8. The method of claim 6, further comprising:

labeling the fourth data to obtain training data;

training the production model by using the training data to obtain a trained production model;

and (5) applying the trained production model to predict the actual production data.

9. An apparatus for production data processing, comprising:

the scene data determining module is used for determining production data generated under a specified scene from the production data input into the production model to obtain first data;

the target production data determining module is used for determining production data which enables the output result of the production model to be in a target threshold interval from the production data input into the production model to obtain second data;

and the summarizing and clustering module is used for summarizing and clustering the first data and the second data to obtain third data.

10. The apparatus of claim 9, wherein the production model comprises at least two sub-models, one for each processing stage,

correspondingly, the scene data determining module is also used for determining the production data generated under the appointed scene from the production data input into each sub-model to obtain first data;

correspondingly, the target production data determining module is further used for determining the production data which enables the score of the corresponding sub-model to be in the target threshold interval from the production data input into each sub-model, and obtaining the second data.

11. The apparatus of claim 9, wherein the scene data determination module comprises:

the scene data determining submodule is used for determining the production data generated under the specified scene from the production data input into the production model;

and the scene data screening submodule is used for determining the production data which accords with the data selection strategy from the production data generated under the specified scene to obtain first data.

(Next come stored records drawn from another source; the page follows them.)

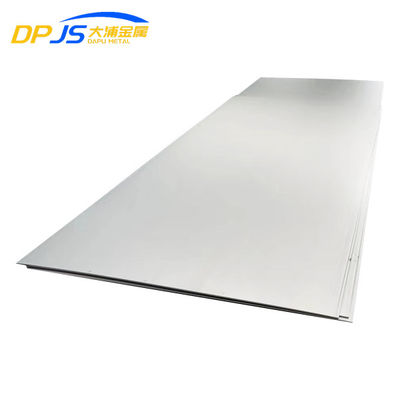 316 Stainless Steel Perforated Sheet Metal  1mm Thickness 2mm 1 16 Inch 1 32" 1 4" 1 8"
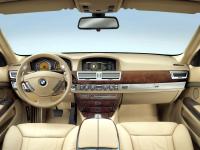 Interieur_Bmw-Serie7_66
                                                        width=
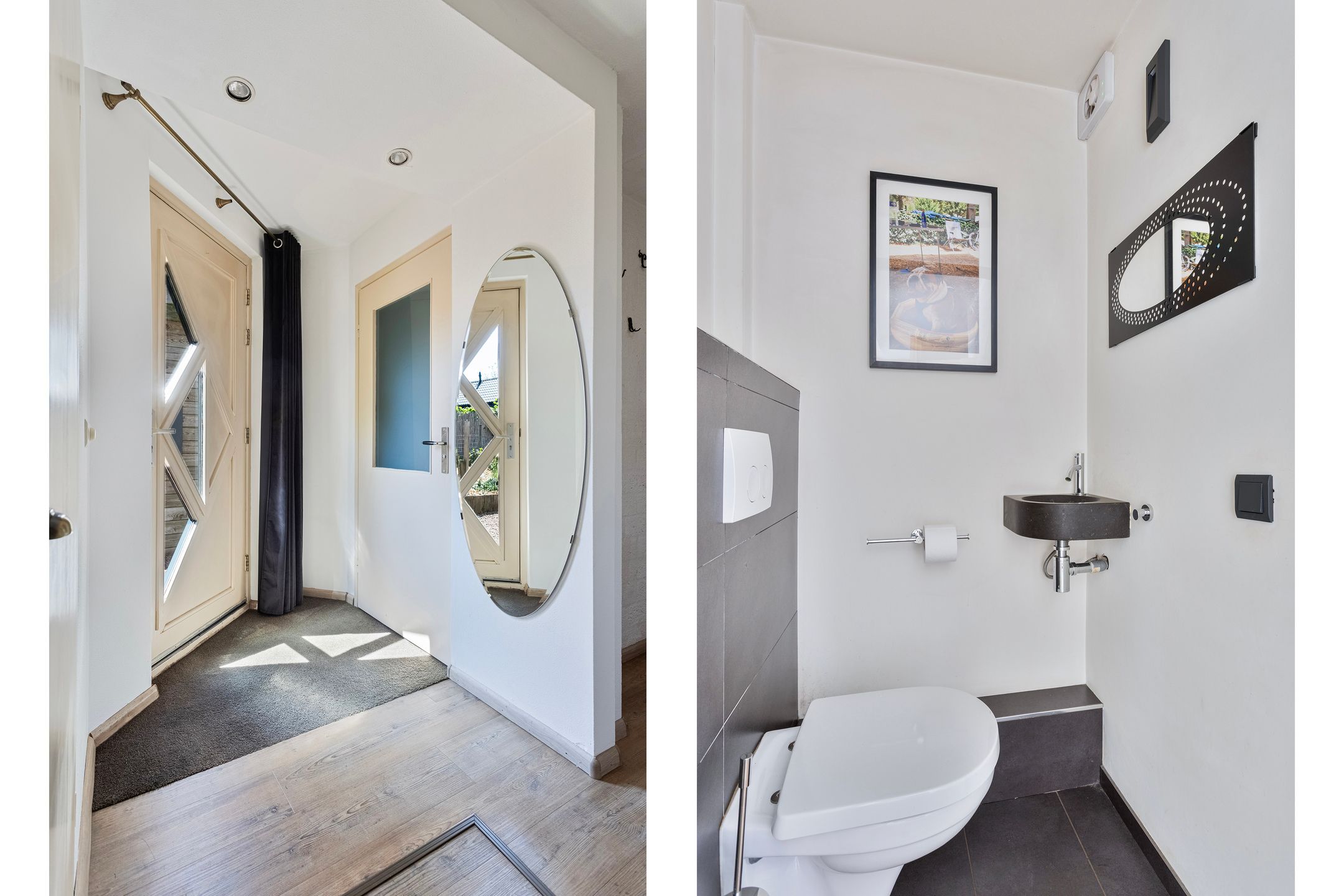 Foto 6 van Reygerskreek 51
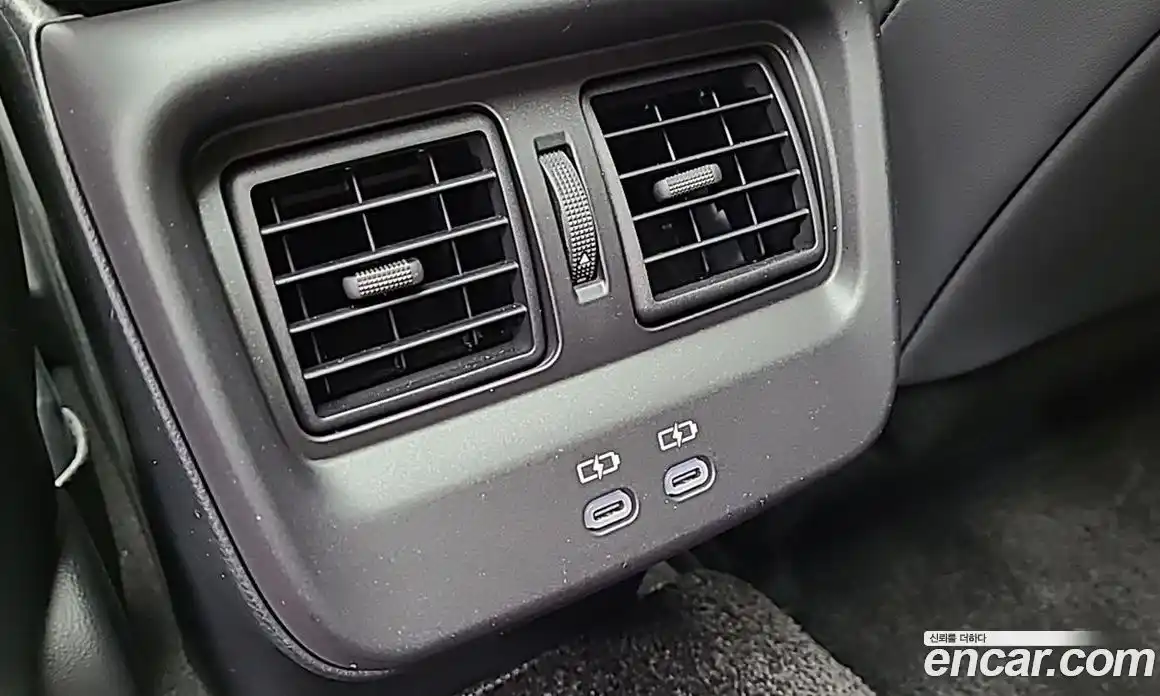 Toyota Crown 2023 2.4 Автомат в Москве № 215618, фото 17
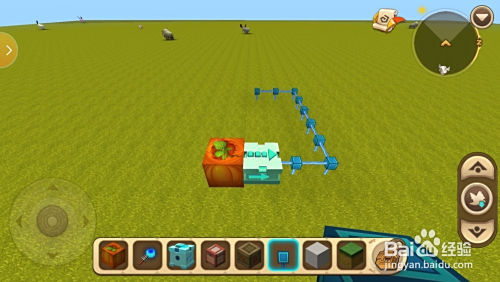 迷你世界破解版真相揭秘：安全风险与正版优势全解析，避免游戏陷阱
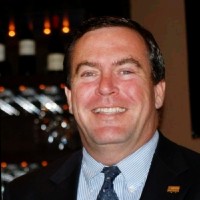Mike Welling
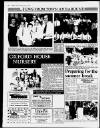 Southport Visiter Friday 14 July 1989 Page 16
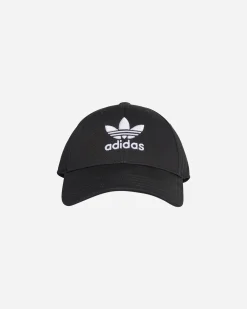 TREFOIL CLASSIC M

12. The apparatus according to claim 9 or 11, wherein the specified scene is a burst scene, and accordingly the scene data determining module comprises:

the burst scene determining submodule is used for determining the number and the time period of equipment for generating the burst scene according to the alarm frequency and the duration;

and the burst scene data determining submodule is used for determining the production data generated under the burst scene from the production data input into the production model according to the equipment number and the time period to obtain first data.

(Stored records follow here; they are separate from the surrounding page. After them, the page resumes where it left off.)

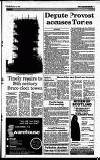 Perthshire Advertiser Tuesday 24 December 1996 Page 7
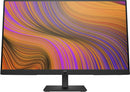 HP P24h G5 FHD 24”  Monitor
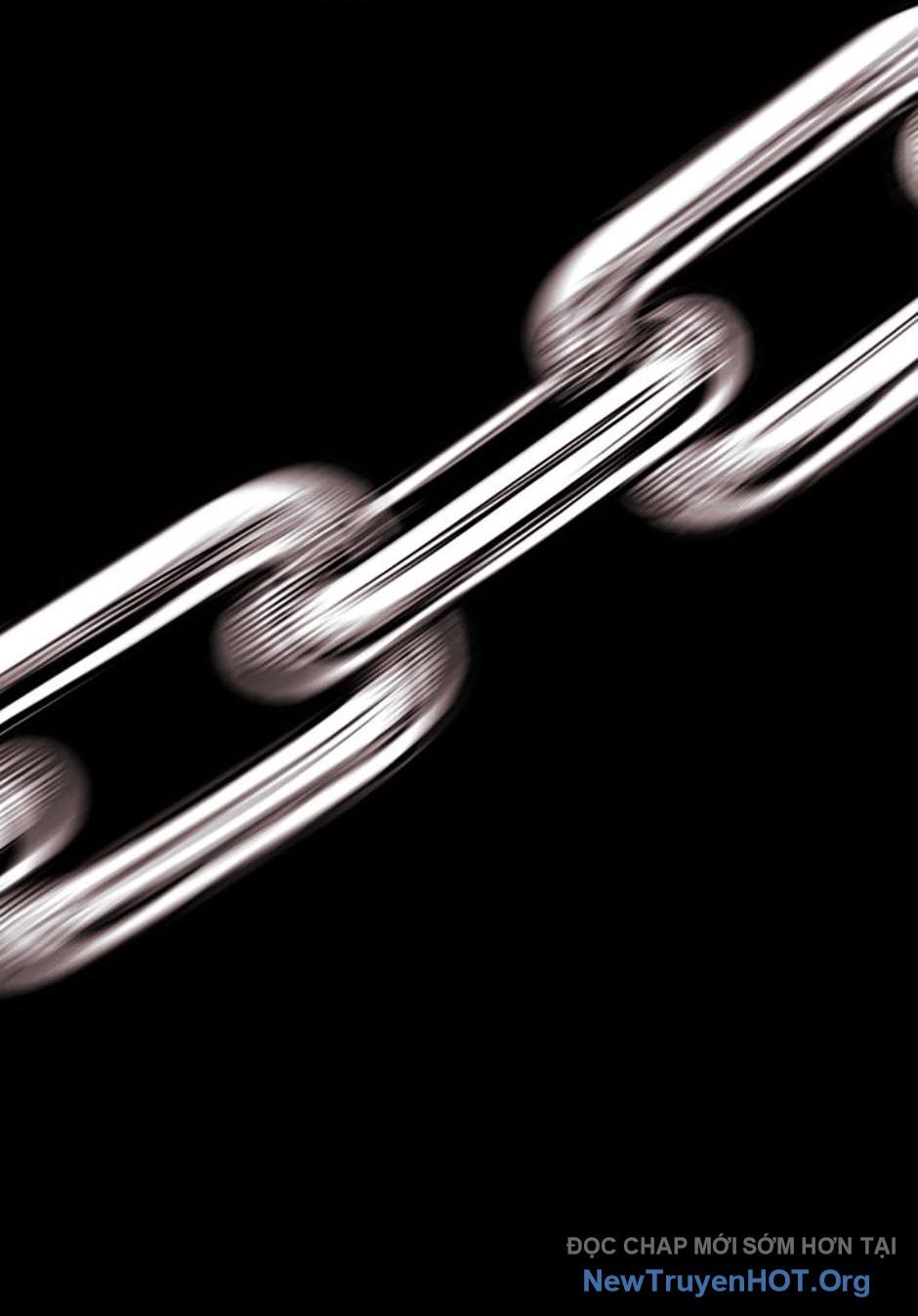 Chuyển Hóa Chap 103 - Next Chap 104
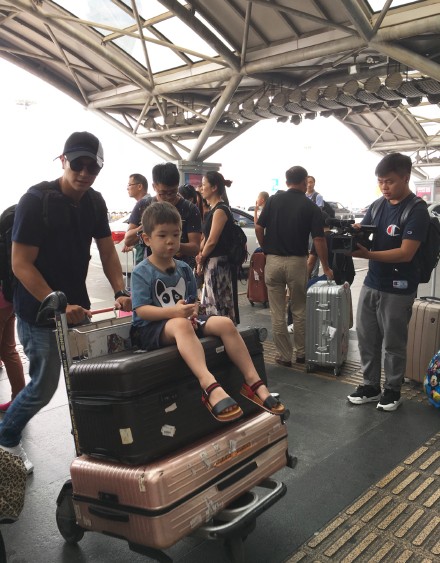 �ְ�ȥ�Ķ�5�α�����˭���ְ�ȥ�Ķ�5�α�����[��ͼ]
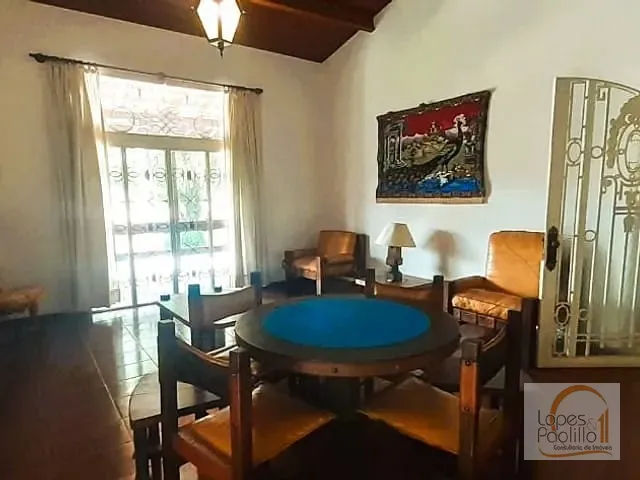 Sítio com 24586m² 5 quartos e 5 banheiros, à venda, no bairro Portão em Atibaia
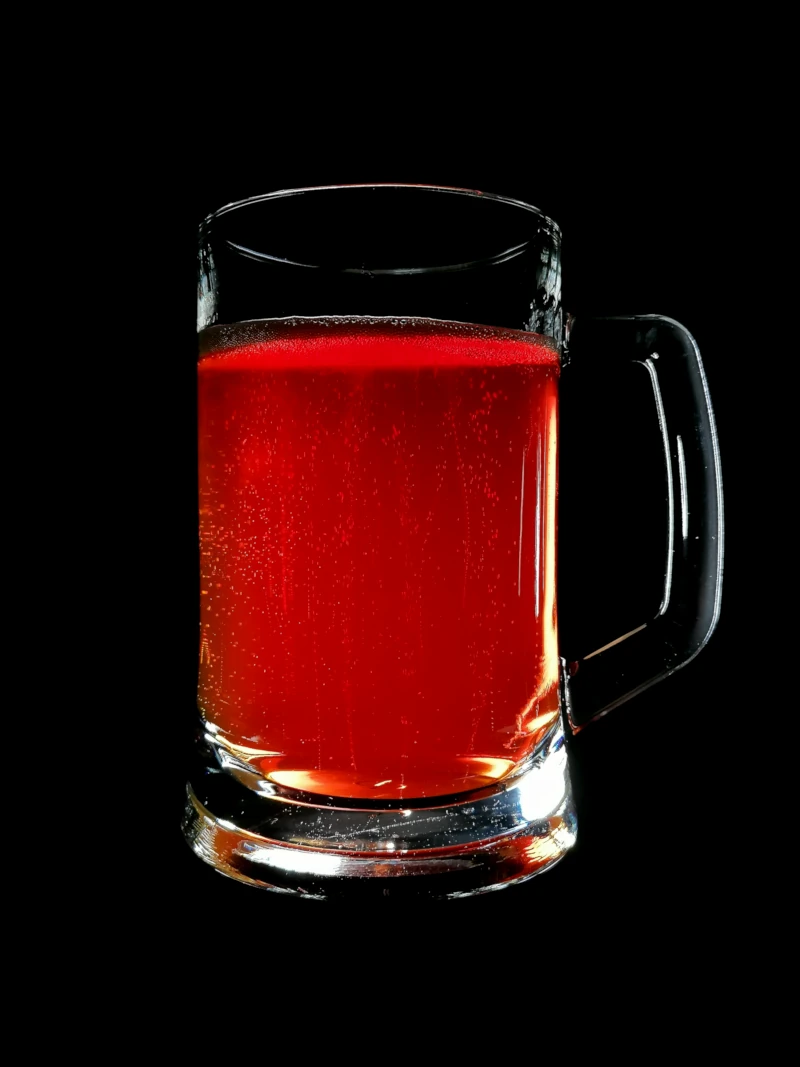 Brauerei Grasser - Märzen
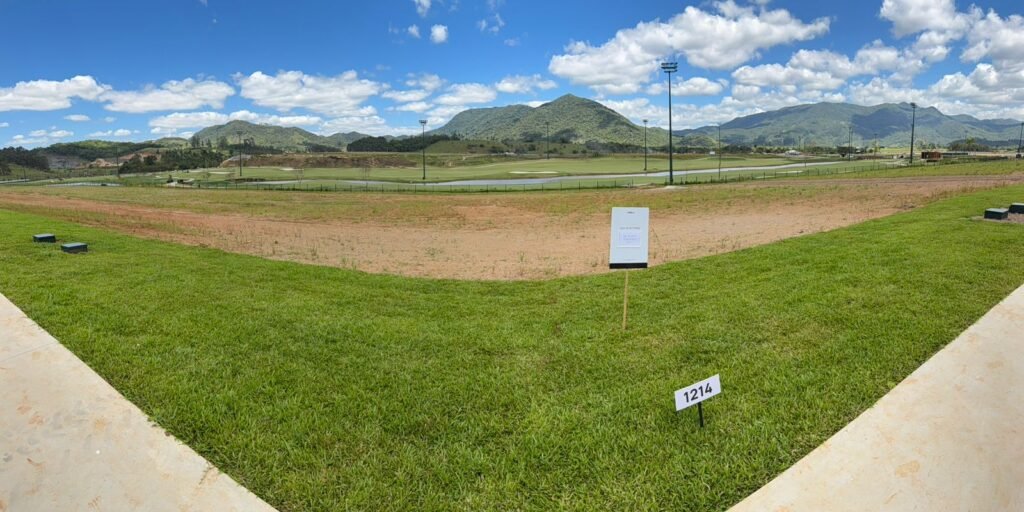 terreno-lote-1214-1-2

13. The apparatus of claim 9, wherein the target threshold interval comprises a dual threshold region formed by a first threshold above a given threshold and a second threshold below the given threshold, the apparatus further comprising:

and the target threshold interval configuration module is used for configuring the first threshold and the second threshold.

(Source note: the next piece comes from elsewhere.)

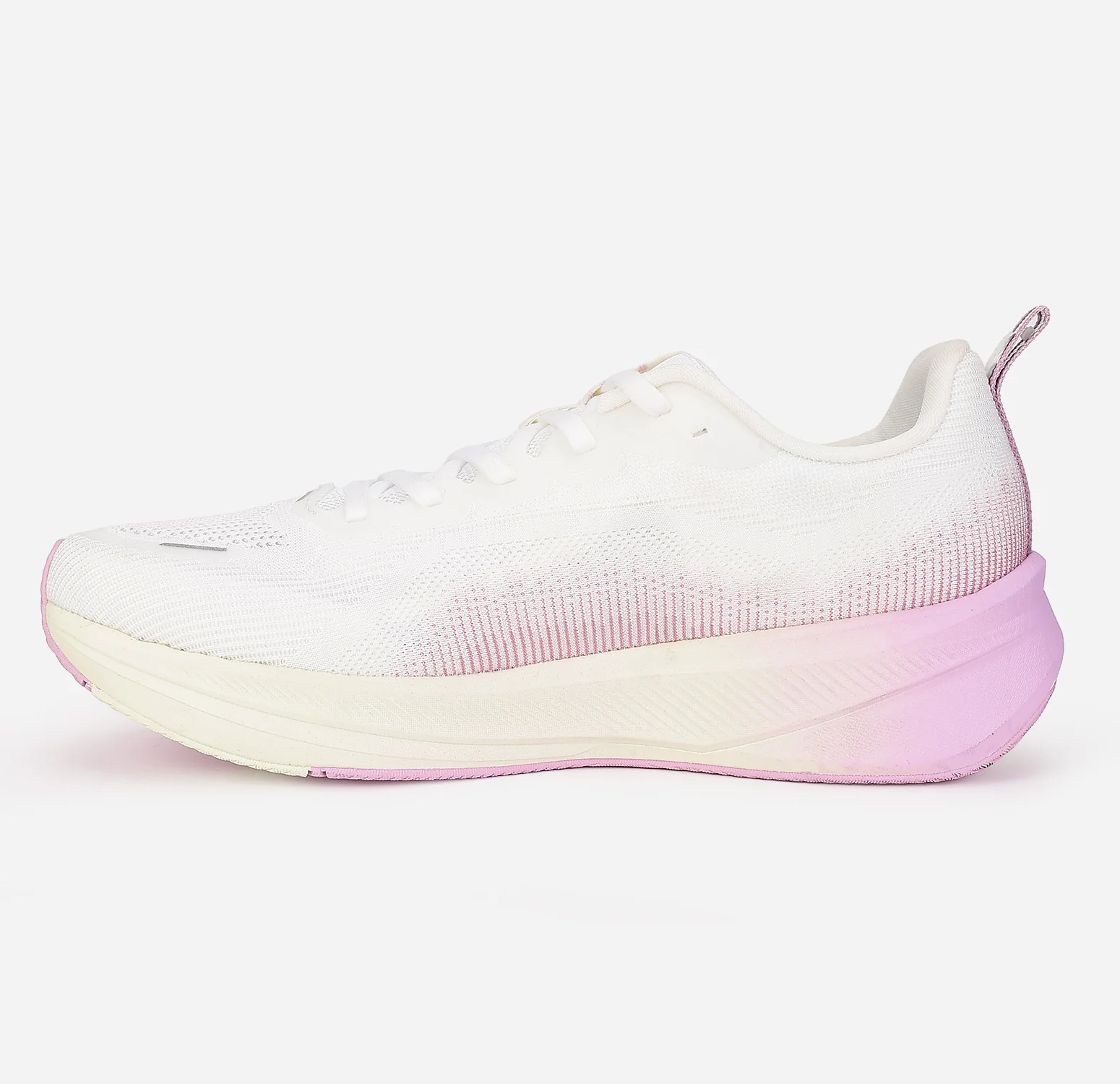 Ultrafast 6.0 Performance Shoe - Orchid Purple - Image 6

14. The apparatus of claim 9, further comprising:

and the data screening module is used for screening the third data based on an active learning strategy to obtain fourth data to be labeled.

15. The apparatus of claim 14, further comprising:

the data labeling module is used for labeling the fourth data to obtain training data;

the model training module is used for training the production model by using the training data to obtain a trained production model;

and the model replacement module is used for applying the trained production model to predict the actual production data.

16. An electronic device, comprising:

at least one processor; and

a memory communicatively coupled to the at least one processor; wherein,

the memory stores instructions executable by the at least one processor to enable the at least one processor to perform the method of any one of claims 1-8.

17. A non-transitory computer readable storage medium having stored thereon computer instructions for causing the computer to perform the method of any one of claims 1-8.

18. A computer program product comprising a computer program which, when executed by a processor, implements the method according to any one of claims 1-8.